Yes, I am still around and living in Northern Norway, although now mainly only lurking on the bird lists and not contributing anymore. My hearing is deteriorating steadily, I am on a waiting list for cataract operations, and I no longer drive my car in winter here. Winter this year has been much ups and downs, and in the Christmas week we have snow, then sleet, then rain, then snow and hail again; and now we are sadly once more in the throes of a depression and the snow is morphing into rain again (to be followed by more snow day after tomorrow).
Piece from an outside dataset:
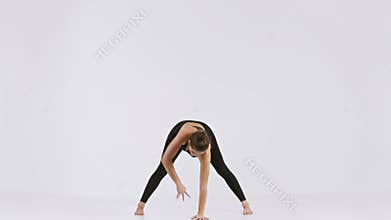 Yoga practice emphasizing stretching in a serene environment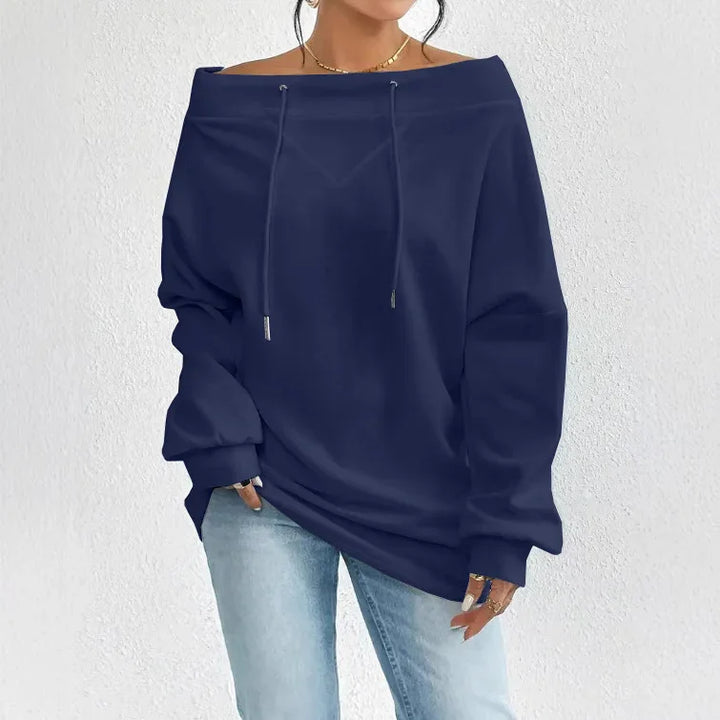 Woman wearing a navy off-shoulder hoodie and light blue jeans against white textured wall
Also, we have very little daylight this time a year; it will be three weeks before we have a chance on the first glimpse of sunlight. And for some reason no birds at all come to my feeders this winter. So the race for first bird on my 2020 year list is as usual between the Magpie and the Hooded Crow. Although Riet saw a Hooded Crow fly over from the house earlier, my first bird this year was the Eurasian Magpie, followed soon after by a Hooded Crows, some feral Pigeons, and a small flock of House Sparrows, who have this winter discovered a garden with good cover, where there is regular feeding, a few houses down the road from mine.
We walked through a completely silent Folkeparken–not a tit to be heard–, to the shores of the Sandnes Sound, and there duly noted the usual winter suspects; Herring Gull, Great Black-backed Gull, and Common Eider, a large flock in the middle of the sound. And that was it for the day, the 7 most common winter birds here. If my feeder had been more attractive  we had also seen Greenfinch, Great Tit, the newcomer Blue Tit and maybe the Willow Tit, less dependent on feeders (they store food in autumn), but it was not to be.
I wish you all a wonderful 2020, full of birds, and full of life.